Bild: Zwar haben Umweltgruppen mobilisiert, doch die Arbeitsplatz-Versprechunge…
ISTANBUL taz | Während Deutschland gerade mühsam die Energiewende weg vom
Atomstrom versucht, steuert die Türkei mit Macht in die atomare Zukunft. Am
Freitag haben der türkische Ministerpräsident Tayyip Erdogan und der
japanische Premier Shinzo Abe ein Abkommen über den Bau eines neuen
Atomkraftwerkes an der türkischen Schwarzmeer Küste unterzeichnet.
Das jetzt vereinbarte AKW in Sinop wird der zweite große AKW-Komplex, den
die türkische Regierung in Auftrag gibt. Bereits vor knapp zwei Jahren
hatten Erdogan und der damalige russische Ministerpräsident Putin
unmittelbar nach dem Supergau in Fukushima vereinbart, dass der russische
Staatskonzern Rosatom am Mittelmeer in Akkuyu, in der Nähe der Hafenstadt
Mersin, ein erstes AKW bauen wird.
Damals hieß es, die Rosatom Reaktoren seinen nicht mit Fukushima
vergleichbar sondern weit moderner und sicherer. Das jetzt geplante AKW am
Schwarzen Meer soll mit insgesamt vier Blöcken die Leistung von Akkuya noch
weit übertreffen. In Sinop wird ein japanisch-französisches Konsortium
bauen, an dem der japanische Mitsubishi Konzern und die beiden
französischen Unternehmen Areva und GDF Suez beteiligt sind.

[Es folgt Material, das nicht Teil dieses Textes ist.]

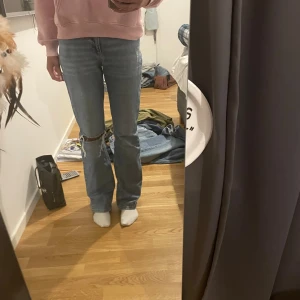 Ljus blåa jeans  - Snugga ljus blåa jeans från Gina med hål på ena benet i storlek 34💞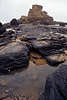 9124_ Schwarze dunkle dicke Felsbrocken Granitfelsen Foto an Ponta Ruiva Atlantik Westkste wildem Felsenstrand in Wasser liegen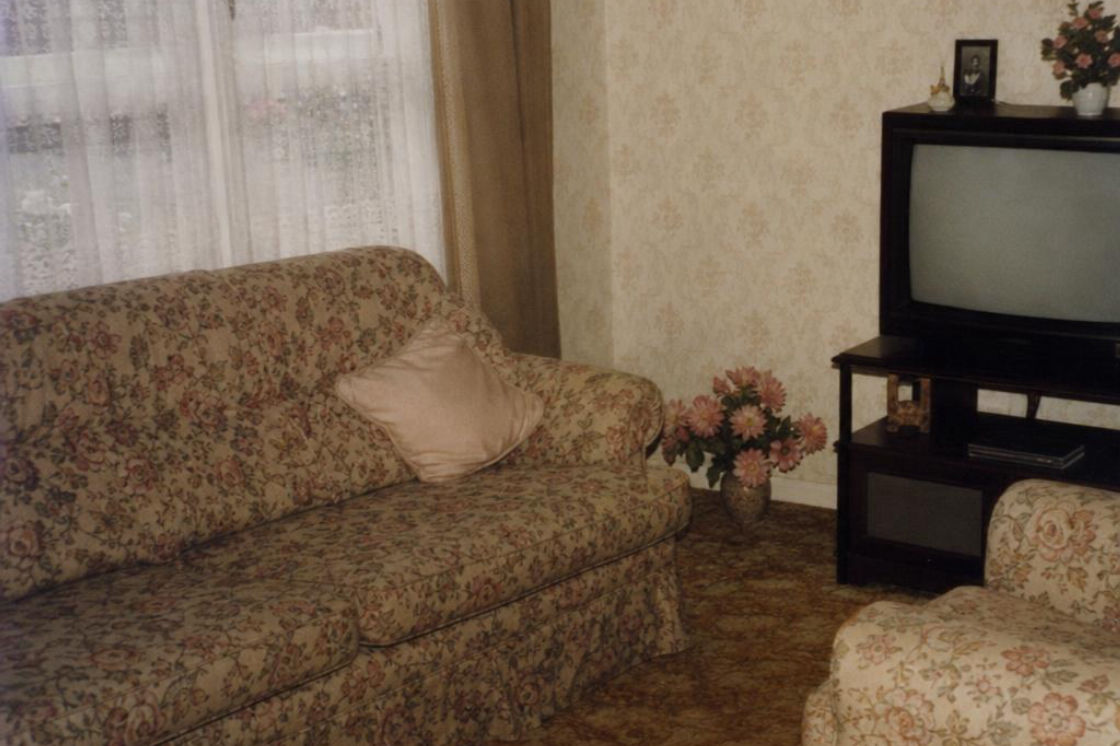 Before: a suburban living room with a sofa, side table and curtained window.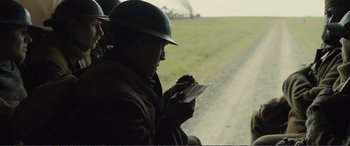 Movie still from “1917” (2019), directed by Sam Mendes – A man wearing a helmet looking at a piece of paper; Medium shot, Over the shoulder angle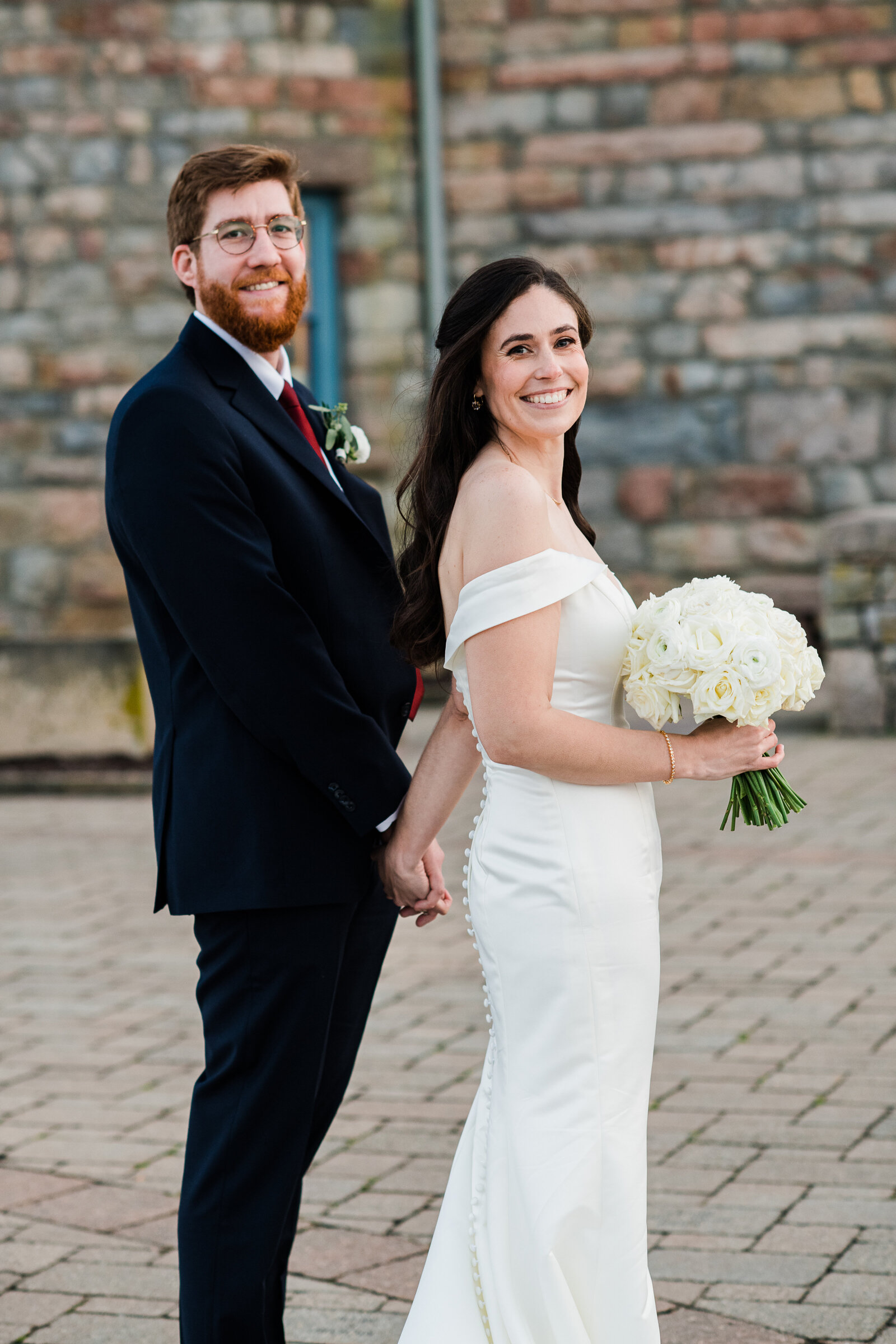 bride and groom look back and smile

Das AKW soll im Endausbau aus vier Blöcken bestehen und 5.000 Megawatt
Strom liefern. Nach Informationen der türkischen Presseagentur Anadolu hat
das japanisch-französische Projekt gegen einen chinesischen Bieter den
Zuschlag bekommen, weil die japanischen AKW-Bauer viel Erfahrungen mit
Erdbeben haben.
## Die Proteste sind überschaubar
Die gesamte Türkei ist eine Erdbebenrisikozone, das geplante russische AKW
in Akkuyu liegt sogar unweit einer Erdbebenspalte. [1][Die Proteste gegen
den Bau von AKWs sind allerdings überschaubar]. Zwar haben Umweltgruppen in
Akkuya und auch in Sinop erfolgreich mobilisiert, doch das bleiben
regionale Phänomene die überdies durch Versprechen über lukrative
Arbeitsplätze unterlaufen werden. Auch finanziell sieht die türkische
Regierung kein Risiko.
Sowohl die Russen wie auch das japanisch-französische Konsortium werden das
15 Milliarden Euro teure Projekt auf eigene Rechnung bauen, das AKW auch
selbst betreiben und dann über einen längeren Zeitraum durch einen vom
Staat garantierten Strompreis ihr Geld wieder hereinholen. Über Folgekosten
wie Endlagerung des Atommülls wird nicht geredet.
Die offizielle Begründung für den Bau der AKW ist der mit wachsender
Wirtschaftsleistung stark steigende Energiebedarf. Tatsächlich hat die
Türkei trotz wachsender Exporte ein hohes Außenhandelsdefizit, weil sie
enorme Rechnungen für Gas und Öl begleichen muss. Mit aller Macht sollen
die Energieimporte reduziert werden, weshalb neben den AKWs auch neue
Kohle- und Wasserkraftwerke gebaut werden.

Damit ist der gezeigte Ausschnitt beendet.